К концу книги Эстер, тревожась, что Скимпол обирает Ричарда, приходит к нему с просьбой прекратить это знакомство, на что тот весело соглашается, узнав, что Ричард остался без денег. В ходе разговора выясняется, что именно он способствовал удалению Джо из дома Джарндиса — исчезновение мальчика для всех оставалось тайной. Скимпол защищается в своей обычной манере:
«Рассмотрите этот случай, дорогая мисс Саммерсон. Вот мальчик, которого привели в дом и уложили на кровать в таком состоянии, которое мне очень не нравится. Когда этот мальчик уже на кровати, приходит человек… точь-в-точь как в детской песенке "Дом, который построил Джек". Вот человек, который спрашивает о мальчике, приведенном в дом и уложенном на кровать в состоянии, которое мне очень не нравится. <…> Вот Скимпол, который принимает банкнот, предложенный человеком, который спрашивает о мальчике, приведенном в дом и уложенном на кровать в состоянии, которое мне очень не нравится. Вот факты. Прекрасно. Должен ли был вышеозначенный Скимпол отказаться от банкнота? Почему он должен был отказаться от банкнота? Скимпол противится, он спрашивает Баккета: "Зачем это нужно? Я в этом ничего не смыслю; мне это ни к чему; берите это обратно". Баккет все-таки просит Скимпола принять банкнот. Имеются ли такие причины, в силу которых Скимпол, не извращенный предрассудками, может взять банкнот? Имеются. Скимпол о них осведомлен. Что же это за причины?»
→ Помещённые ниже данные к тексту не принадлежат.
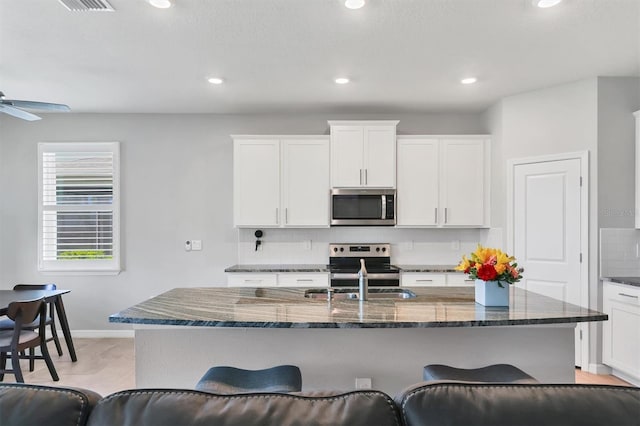 kitchen with tasteful backsplash, a breakfast bar area, stainless steel appliances, and a sink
Причины сводятся к тому, что полицейский, стоящий на страже закона, преисполнен веры в деньги, которую Скимпол может расшатать, отказавшись от предложенного банкнота, и тем самым сделать полицейского непригодным к сыскной работе. К тому же, если со стороны Скимпола предосудительно принять банкнот, то со стороны Баккета гораздо более предосудительно его предлагать. «Но Скимпол стремится уважать Баккета; Скимпол, хоть он и человек маленький, считает необходимым уважать Баккета для поддержания общественного строя. Государство настоятельно требует от него доверять Баккету. И он доверяет. Вот и все!»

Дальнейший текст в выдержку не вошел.